Tüm bu gelişmeler bizi Avrupa’nın geleceği ve Avrupa’da demokrasi konusunda haklı bir şekilde kaygılandırırken yine çok vahim haberleri de medyadan takip etmek zorunda kalıyoruz: Almanya’nın Leipzig kentinde bir döner büfesinde patlama oldu. İki yaralı var. Polis oldukça aceleci bir şekilde “saldırı ihtimaline çok şans vermediğini” açıkladı. NSU cinayetleri sonrasında da uzun bir dönem polis katledilen dönercilerin aile üyeleri arasında aramıştı katilleri. Sonra NSU terör örgütü olduğu ortaya çıkmıştı. Hatırlatmakta yarar var.

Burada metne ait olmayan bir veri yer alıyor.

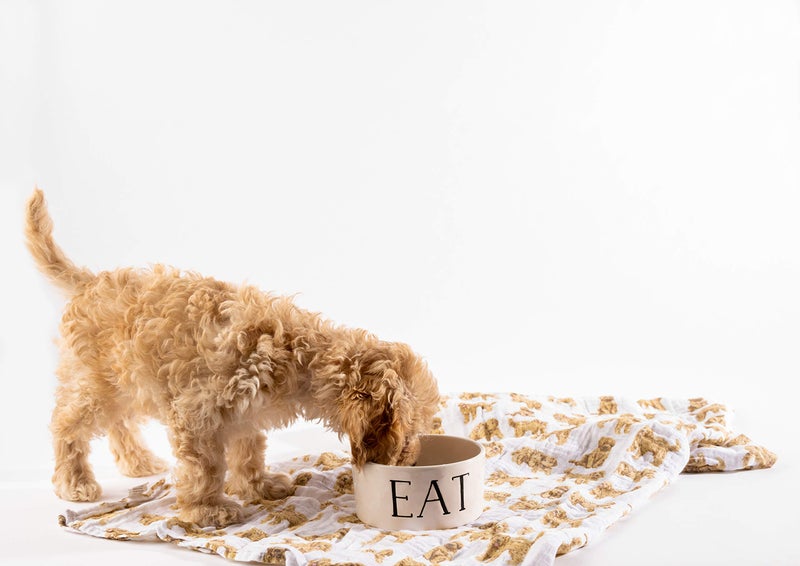 Mud Pie Golden Doodle Print Baby Swaddle Blanket, 47" x 47", - Image 5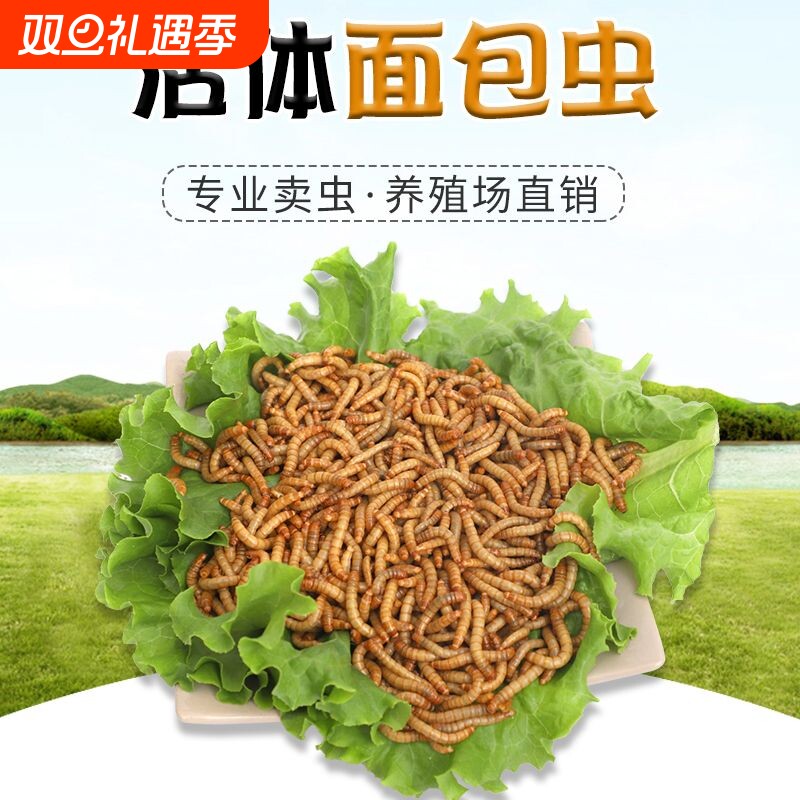 面包虫活体黄粉虫活虫饲养盒乌龟仓鼠金龙鱼八哥画眉钓鱼饲料刺猬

Bir başka acı gelişme ise 20 Haziran 2018 tarihinde Almanya’nın Mecklenburg Eyaleti’nin Schönberg isimli kasabasında talihsiz bir trafik kazasında hayatını yitiren 9 yaşındaki Suriyeli çocuğun öldüğü noktaya ırkçıların ikinci defa “gamalı haç” çizerek onun ölümünü kutlamakta olmaları.
Tüm bunlar bizi çok kaygılandırmakta!